In late August he lead local farmers,
Curtis Dawson and Alfred Knox,
down to the courthouse to fill out
a daunting registration form.
Suddenly two white men attack,
one hits Moses repeatedly in the temple
with the blunt end of a switch-blade,
knocking him to the sidewalk where
he curls up to protect his head.
Knox, a part-time preacher, tries
to pull Bob’s assailant away while
Dawson pleads with the man to stop.
Moses has a out-of-body experience,
as if he were floating off the ground
and looking down at himself before
coming to, T-shirt drenched in blood.
Knox urges him to leave the scene,
but Moses insists on pressing charges,
entering the courthouse only to learn
that Billy Jack Caston, his attacker,
is the sheriff’s cousin. Against
the odds, Moses files charges.
Back in McComb, Dr. James Anderson
needs nine stiches to sew up Bob’s scalp,
wraps bandages around the wound.
Moses returns to Liberty the next day
for a hearing, the courtroom filled
with white men brandishing shotguns.
Caston claims Moses, crouching
like a kung fu master, attacked him.
The sheriff says it’s too dangerous for Bob
to tell his side of the story. He, Knox,
and Dawson are hurried out a back door,
the judge finds Billy Jack innocent.
2
Thirty years later I drive into Liberty
to research what happened there
during the civil rights movement.
Herbert Lee had been killed at a local
cotton gin, Louis Allen, a witness,
was gunned down in his driveway.
Moses and his fellow SNCC workers
leave the area in 1961; Preacher Knox,
a local farmer, stands his ground,
still lives outside Liberty.
I give him a call, ask if I can come
to his home to tape an interview.
I follow his directions through
a maze of backcountry dirt roads,
no street signs, no names on mailboxes,
eventually I pull up at his house,
a weatherboard cabin with a tin roof,
a stone chimney, a small front porch.
Knox is one of a few Blacks in Liberty
who, thanks to a New Deal program,
buys forty acres of land in 1939,
thus fulfilling a Reconstruction promise
some seventy years too late.
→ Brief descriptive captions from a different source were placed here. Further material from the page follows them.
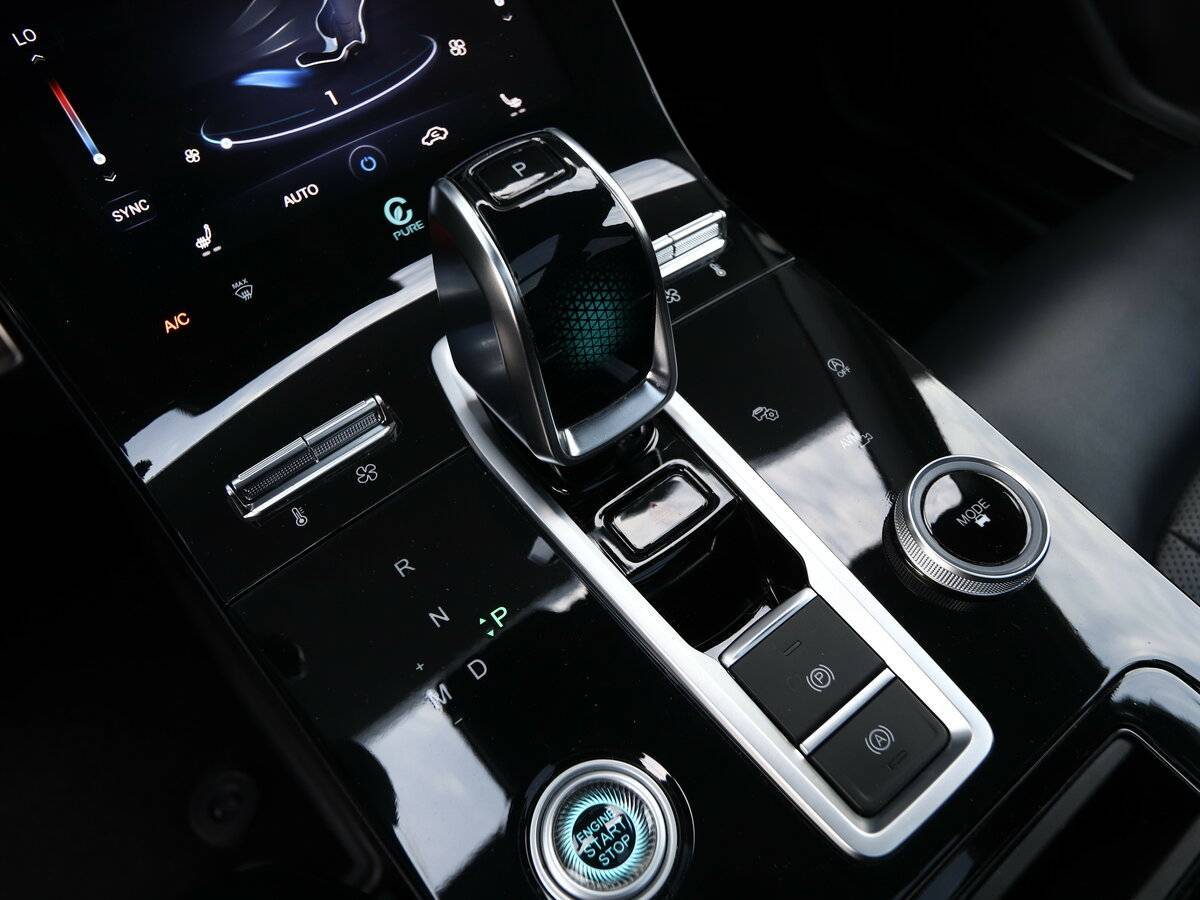 Chery Tiggo 8 Pro Max б/у, 2023, Роботизированная. Фото: #23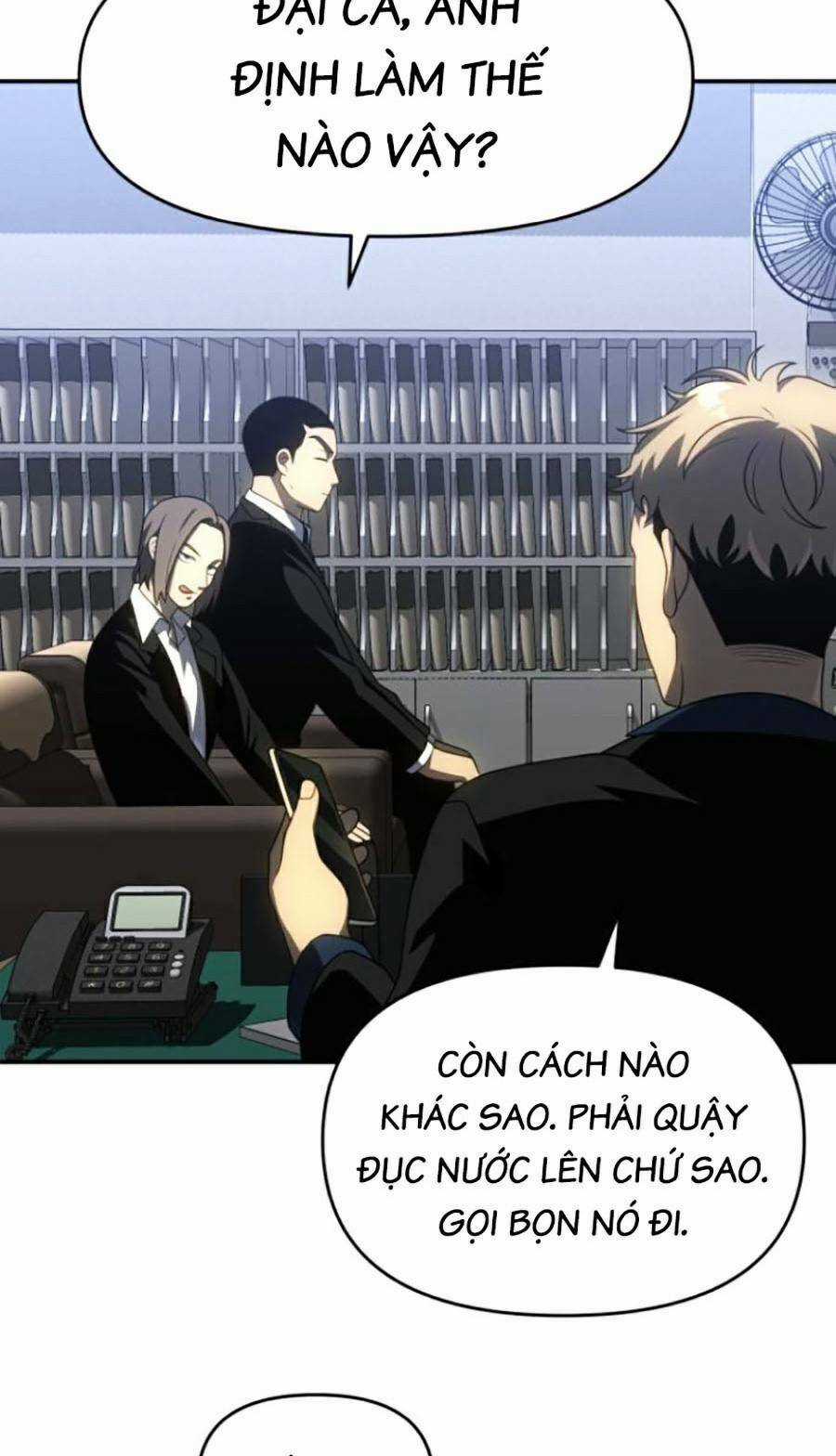 Ta Là Trùm Chapter 24 trang 82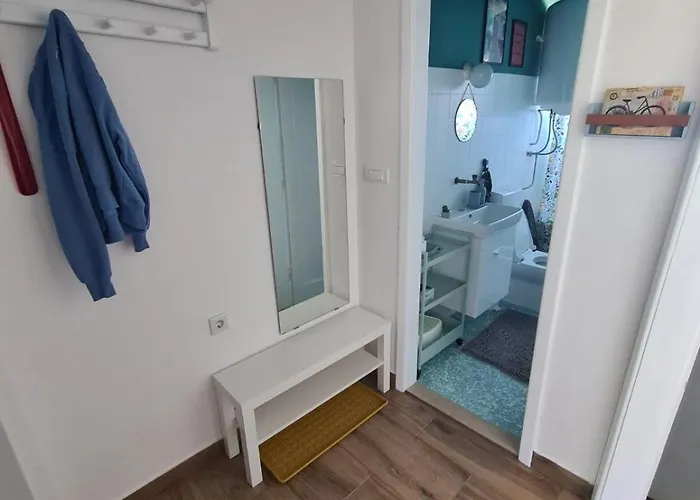 Lovely Belki Appartement *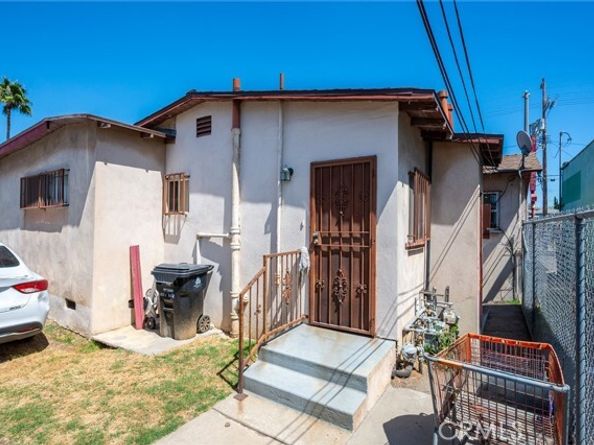 1011 N Wilmington Boulevard, Wilmington (los Angeles) CA 90744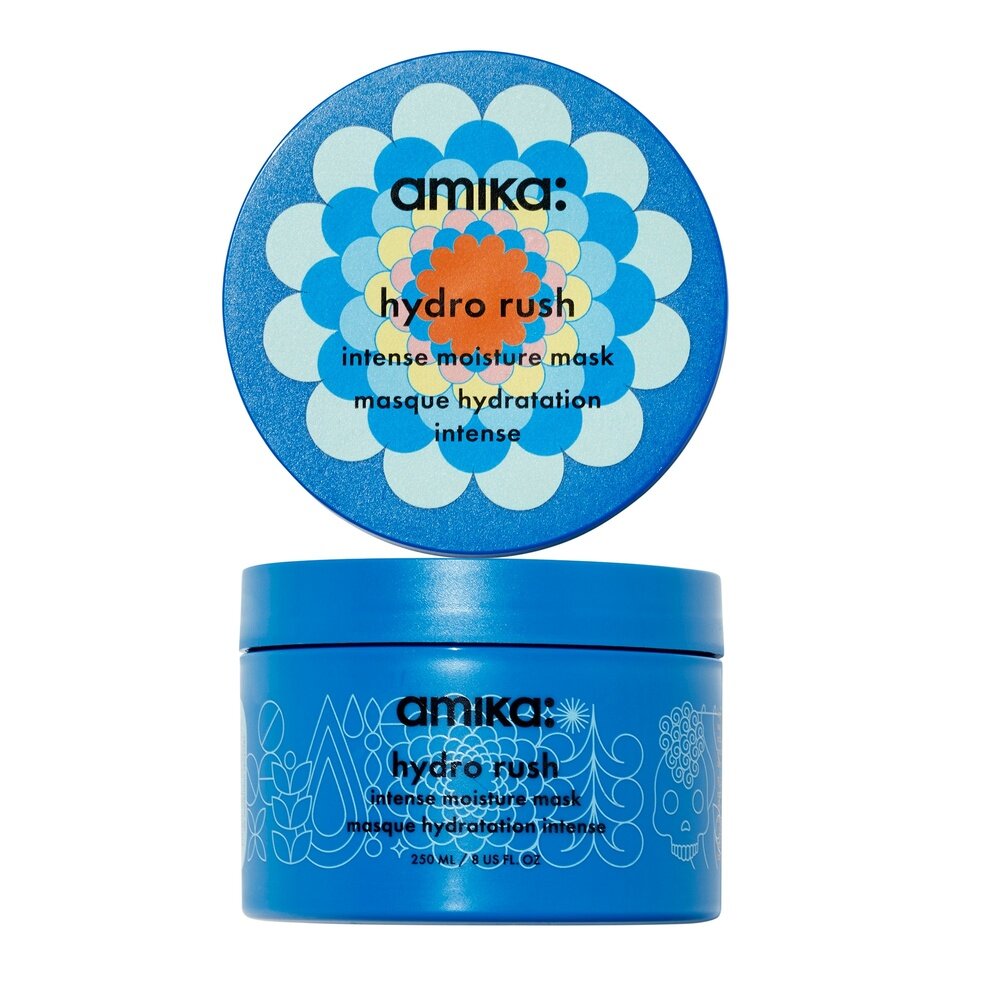 amika Hair Mask Hydration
We sit on
a bench supported by two large trees.
I remember how the hens cluck
and peck at the front yard dirt.
I place a recorder between us
and as we talk chickens stroll
beneath the bench, still clucking.
A rooster voices his opinion.
A large-framed man wearing blue
denim overalls, a chambray shirt,
Knox explains how hard it is
to be a small farmer: “Ain’t nothin’
folks can do ‘cept scratch it out in
the summer, strap it in the winter.”
When I ask about Moses and Liberty,
Knox calls to his grandson, elbow deep
in a tractor engine: “Come here, Henry,
I don’t think you’ve heard this story.”
A sullen well-built teenager walks
over to us, reluctantly.
As Knox relates in detail
what happened the day he goes
to the Liberty courthouse to “redish,”
the boy’s face changes to respect.
He didn’t know his grandfather
is a hero, stood up to the man.
As we are talking I notice
pickup trucks cruising by more
frequently than you’d expect on
a back country road. Are they
other farmers or has word spread
about a white man asking questions?
The statute of limitations does not
expire in murder cases, and I ask
him who shot Louis Allen. He shares
my suspicion of the sheriff. It is time
to go. Driving away I see a grandfather
talking with his grandson.
Jail, No Bail
At Parchman we’re stripped
and searched, issued a towel,
a bar of soap, a toothbrush,
sheets and pillow cases,
a striped prison outfit.
Filthy cells are full of bugs.
A jail is just another house,
less comfortable than most,
I admit, room service leaves
something to be desired,
if you like three squares
of rice and beans you can’t
complain, a mattress thick
as a poor man’s wallet
and twice as hard, no seat
on the toilet, rusty water
seeps from the tap, a view
through iron bars of a guy
in another cell staring back,
one visitor asked us to say
something in “commonist,”
entertainment is not out
of the question, cigarettes
smoked down to the filter
serve as chess pieces,
singing freedom songs
always lifts our spirits,
drives the guards crazy.
They took our sheets,
then our mattresses,
and when we wouldn’t
stop singing, our soap,
towels, and toothbrushes,
but we raise our voices,
“Keep your eyes on
the prize, hold on.”
Tales from Liberty
1
At a Frederick, Maryland, art gallery
I meet a bearded painter working in pastels
from Liberty, Mississippi. A sniper
in Laos—he tells of killing a man, a village
organizer, on his front porch—he might
have to take out one or two of his kids
but he gets his man on the first shot,
gives him three more to make sure.
Our special forces, he says, thought
nothing of hacking off a man’s head,
sticking it on a pole for the village to see,
of walking around with a girl’s pubic hair
fastened to a helmet. That’s how the game
is played, what’s hard to convey
is how exciting it all was.
2
When he says his last name my heart
jumps, and I ask about a relative
I suspect might have shot Louis Allen
in his driveway because he witnessed state
representative E. R. Hurst gun down Herbert Lee—
a local farmer helping Bob Moses register voters—
at a Liberty cotton gin.
“He was one mean piece of work,” he says,
“his kids was mean too, mean as snakes,
they’d as soon shoot you as look at you.”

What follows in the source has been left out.